• Provided material

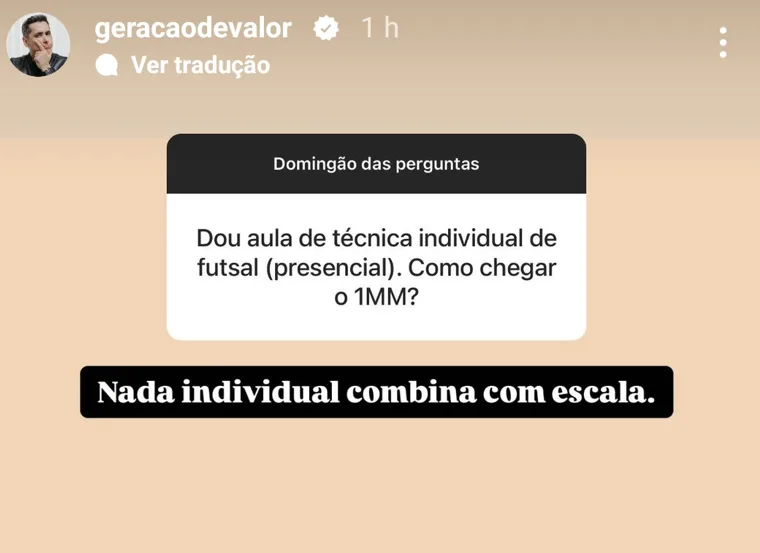 Dou aula de técnica individual de futsal (presencial). Como chegar o 1MM?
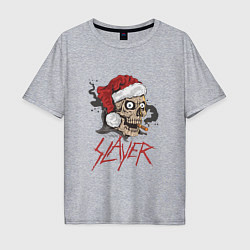 Футболка оверсайз мужская SLAYER SKULL SANTA NEW YEAR, цвет: меланж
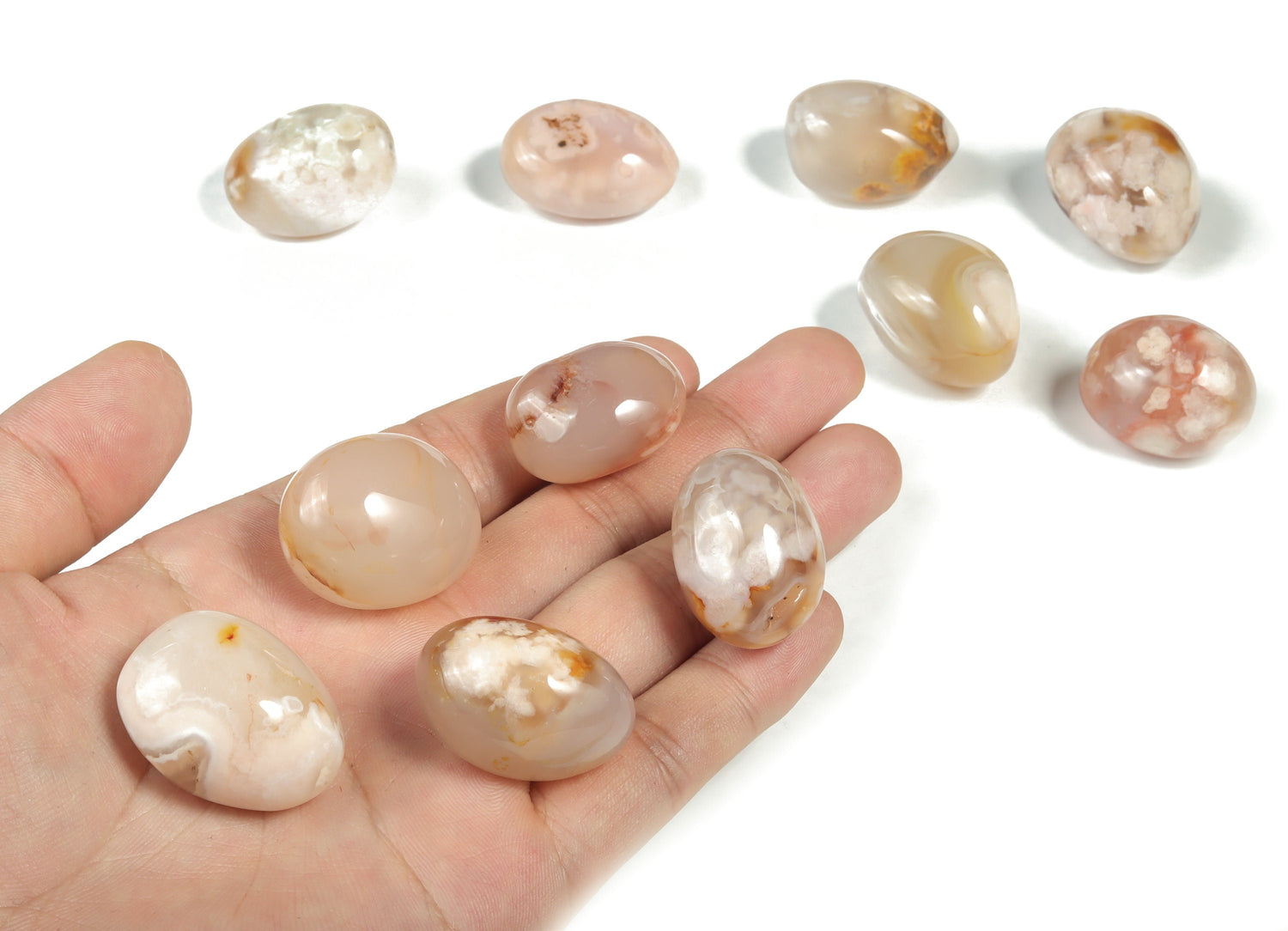 Flower Agate Tumbled Stone - Cherry Blossom - TU1045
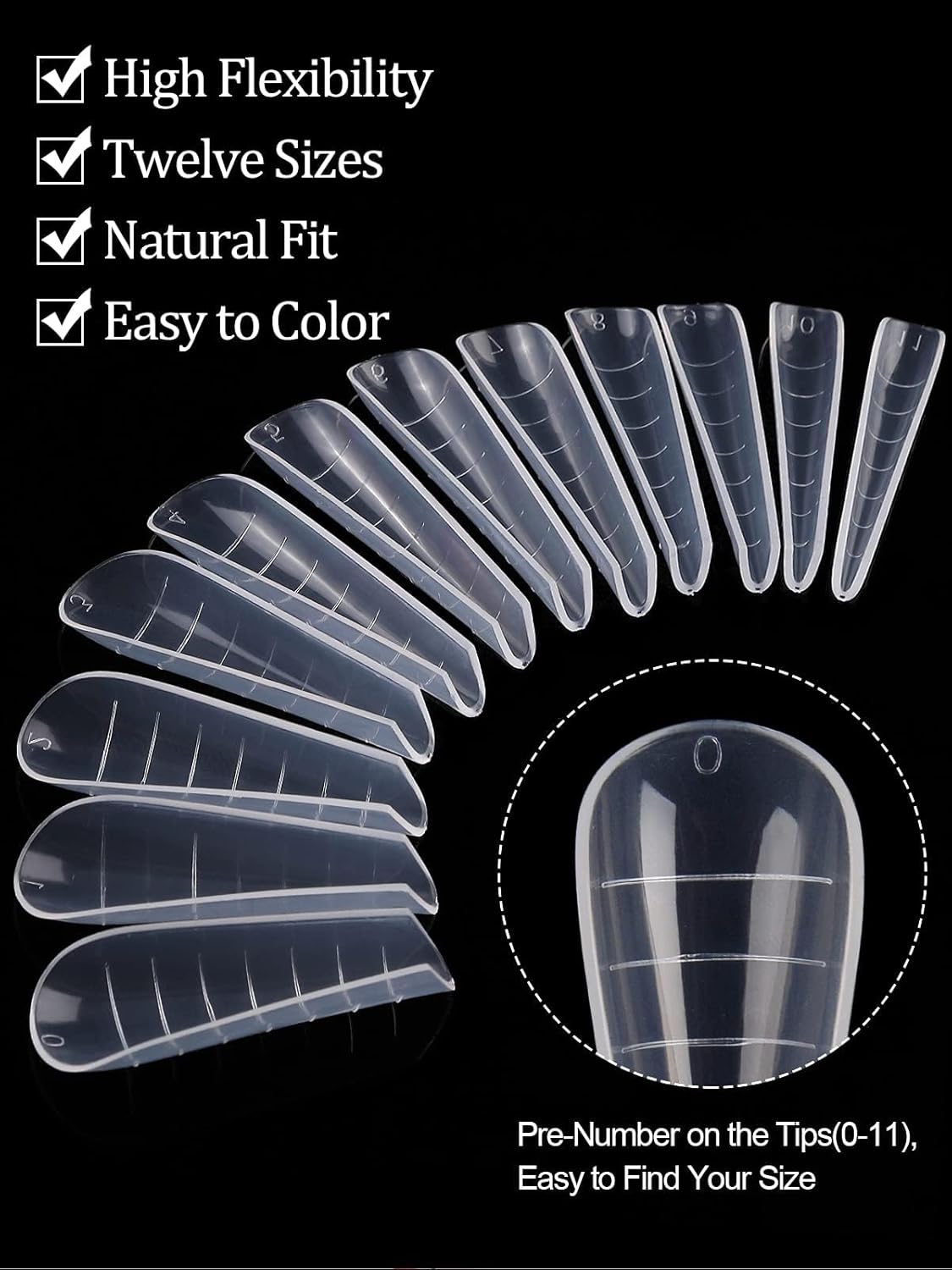 EBANKU 120Pcs Dual Nail Forms for Poly Gel - Extension Stiletto Almond System Mold, False Tips for Builder Gel Art Design Salon & DIY - 12 Sizes-BrightBean Baby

• Activity
Return the lines from the one that contains "Flower Agate Tumbled" through the final line of the listing above, inclusive. Transcribe them exactly and drop the pictures.

• Task response
 Flower Agate Tumbled Stone - Cherry Blossom - TU1045
 EBANKU 120Pcs Dual Nail Forms for Poly Gel - Extension Stiletto Almond System Mold, False Tips for Builder Gel Art Design Salon & DIY - 12 Sizes-BrightBean Baby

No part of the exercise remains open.